====== RECORDS FOR THIS EXERCISE ======

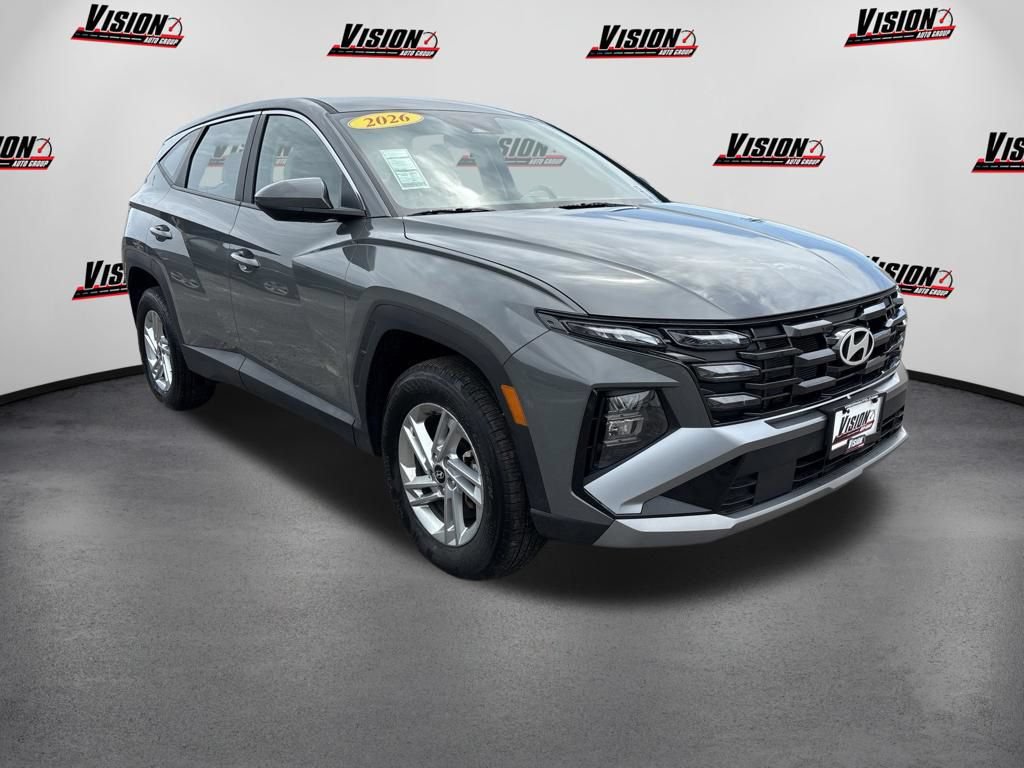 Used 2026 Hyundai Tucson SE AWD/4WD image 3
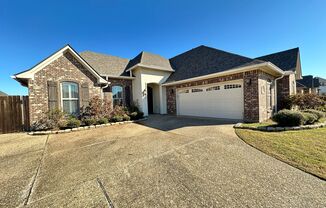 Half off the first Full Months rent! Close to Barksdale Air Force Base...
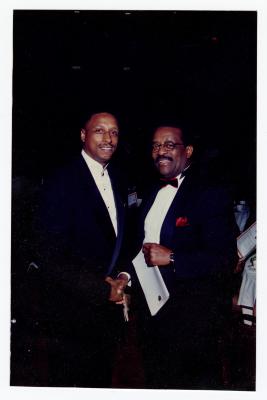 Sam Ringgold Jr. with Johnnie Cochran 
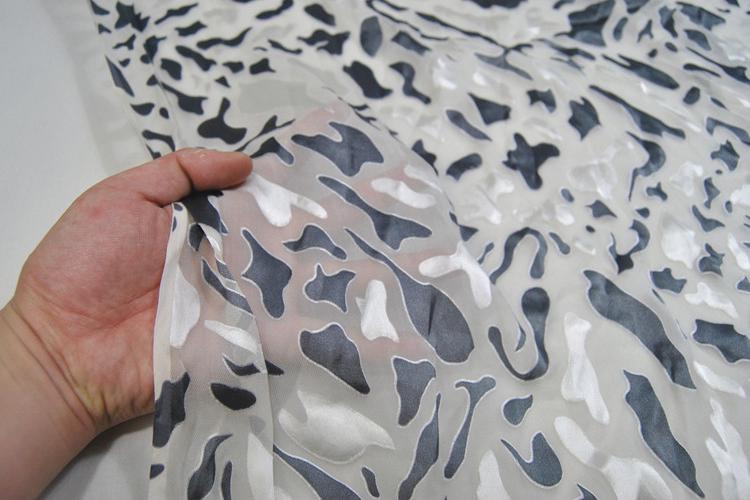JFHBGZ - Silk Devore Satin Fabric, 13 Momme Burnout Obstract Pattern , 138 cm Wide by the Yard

======
====== RECORDS FOR THIS EXERCISE ======

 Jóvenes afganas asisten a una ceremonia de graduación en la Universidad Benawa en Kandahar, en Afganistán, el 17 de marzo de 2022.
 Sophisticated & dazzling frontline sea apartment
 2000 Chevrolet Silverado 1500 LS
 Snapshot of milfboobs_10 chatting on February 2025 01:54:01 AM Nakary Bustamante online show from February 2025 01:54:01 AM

======

One stretch of the lines above is wanted, from the line that contains "Sophisticated & dazzling" through the line that contains "Snapshot of milfboobs_10". Output it exactly.

 Sophisticated & dazzling frontline sea apartment
 2000 Chevrolet Silverado 1500 LS
 Snapshot of milfboobs_10 chatting on February 2025 01:54:01 AM Nakary Bustamante online show from February 2025 01:54:01 AM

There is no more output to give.